I've lived in this area all my life, and the drivers here are complete assholes, to cyclists, pedestrians and other drivers alike. I've had people honk at me while riding my bike. I've had people try to make a left turn BEHIND me while I was also making a left turn, because I wasn't going fast enough, apparently. I have had people honk at me the millisecond the light turns green because I didn't immediately floor it. I've had drivers get angry with me because I dared to be in the crosswalk, crossing the street.

I could go on, but the point is -- the drivers here suck, and it sucks, but it just means you have to be extra careful and not let it get you down. My husband is not from around here and is constantly annoyed at how awful people are in the car, but it doesn't even faze me anymore. Bike defensively, make sure you're always paying extra attention and just let the assholes continue to be assholes. They'll get what's coming to them someday.
posted by sutel at 5:49 AM on June 8, 2011 [1 favorite]
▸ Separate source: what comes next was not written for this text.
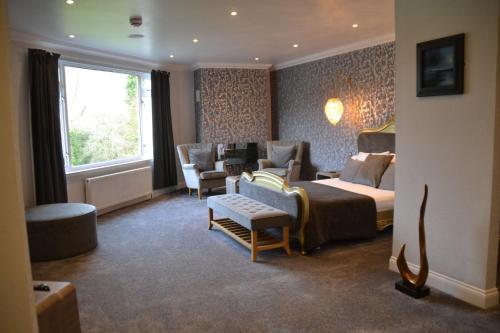 a hotel room with a bed and chairs and a window at The Popinjay Hotel in Larkhall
Best answer: A car was passing too close to the bike lane, so he stuck his hand out and dragged his fingertips across the car doors. Makes a little bit of noise inside the car (hopefully the driver will notice) and doesn't do any damage.

Unless he decides to move laterally into you for the offense of touching his car, or you get bumped by a mirror, or if you misjudge and lose your balance, or if your sleeve gets caught on something on his car. If a car is so close to you that brushing it with your fingertips seems like an easy option, take evasive action or hold your line.

I'm a year-round bike commuter in Maine and the situation is similar - vast majority of drivers are pleasant (or at least not hostile) but as with any group, a certain small percentage are kind of jerks. Of this small percentage, a smaller percentage actually take action to put me in danger - swerve to intimidate, cut me off, etc.

I don't know the laws in Boston, but here in Maine, using the shoulder is optional so I am most often in the travel lane. Why? Not just because I can legally, but because it is safer. Shoulders here are often poorly maintained and/or filled with sand, ice, snow, gravel, branches, leaves, roadkill, sewer grates, etc. Plus, cars pulling out of side streets and driveways have more of a chance to see me if I am in the travel lane where they expect traffic. Drivers are not conditioned to expect things moving at 15mph+ in shoulders/on the sidewalk. So although it may seem counterintuitive it generally makes sense for me to take the lane, riding "as far to the right as practicable" as the law states.

Honking: it happens. The good news here is that honking means a driver is aware of you and they won't be hitting you. As you are coming to realize, the best thing to do is to ignore this, after you get over the initial startle. This is hard! It can get your adrenaline flowing. And since you don't get honked at too often, you don't get a chance to practice/build up resistance. First, you have to come to peace with it. It is nothing personal, and you shouldn't think "what did I do wrong to get honked at?" Some drivers are going to honk at bikes for the mere fact of being on the road no matter what. So first, don't let it rattle you (takes practice). Second, recognize the honking person is in the wrong (often legally, even just for honking!). Third - prepare to memorize license plate. This way if it does escalate, or if you have a repeat offender, you have something to give the police.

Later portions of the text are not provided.